What's wrong with the stop/turn signal on my 1999 F350?

I have a 1990 F350 super duty truck, the rear stop/turn light doesn’t work. It has voltage, light bulb and connector are new and connection is good, is some thing else I need check?

There’s voltage to the socket?

The first thing I’d do is switch bulbs, L to R, to see if the problem moves or stays put.

The good news is that it’s broken all the time, not intermittent. You know what the problem is and can reliably reproduce it; now all you need to do is isolate it.

(The second thing I’d do is run a temporary redundant ground. Voltage at the socket doesn’t do anything if it can’t get back home again.)

I did switched them, I used three bulbs, two new and one old, they all good at left side, but desen’t work on right side, the tail light on same bulb works normally, and that uses same groud wire on same bulb. The bulb is manufature sealed, and can’t be opened.

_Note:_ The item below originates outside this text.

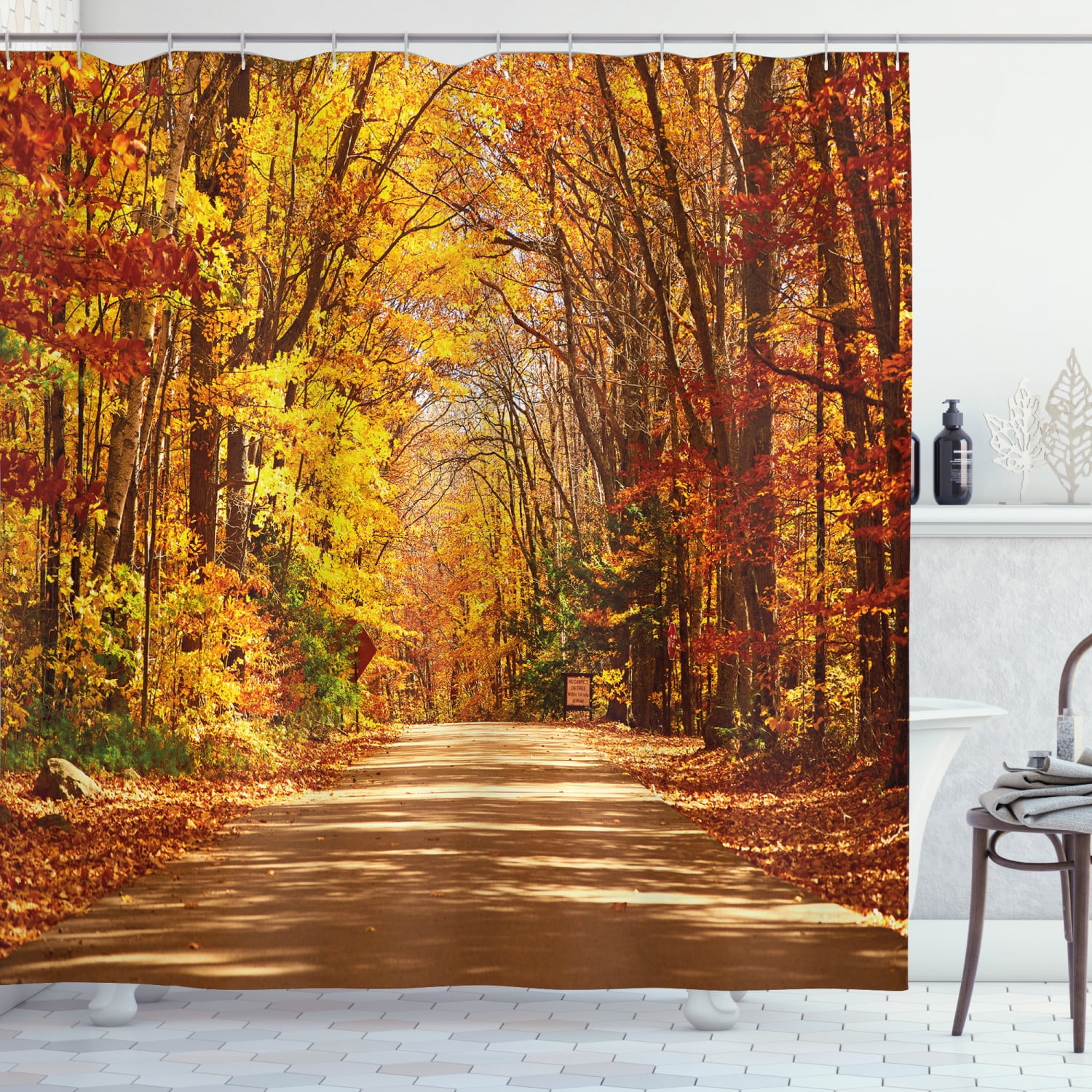 Fall Decor Shower Curtain, Scenic View Outdoors Empty Roadway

I also using a DC 12V transformer jumbed the bulb terminal, the bulb is good. The only thing I’m thinking to do is jump the wire to the new socket’s terminal, and to see if it works? The voltage on stop/turn signal was 8, 6, 4, 3, 8V etc. Did not test the valtage on brake (stop).
Thank you all for the comments!

If the steering wheel is slung down as far as it can go, that can be a problem, try tilting the steering wheel up and see if it helps.

If 12 volts on the bench lights the bulb, then 12 volts on the car should light it. Right? You’d measured the voltage at the socket, and it is 12 volts, or 8 volts, or whatever. So remove the bulb, and run two jumper wires (one for power, one connected to the socket ground to bulb case). Does it light? If not, next measure the voltages with the bulb connected. If they are not the same or almost the same as without the bulb disconnected, that means there is an IR drop, the result of a high resistance, which means you’ve got a bad connection somewhere between the voltage source, and the bulb, or the ground source, and bulb ground. Because you are reporting inconsistent voltage readings, I expect you do in fact have a bad connection somewhere. Remember it can be in the ground as well as the power wire.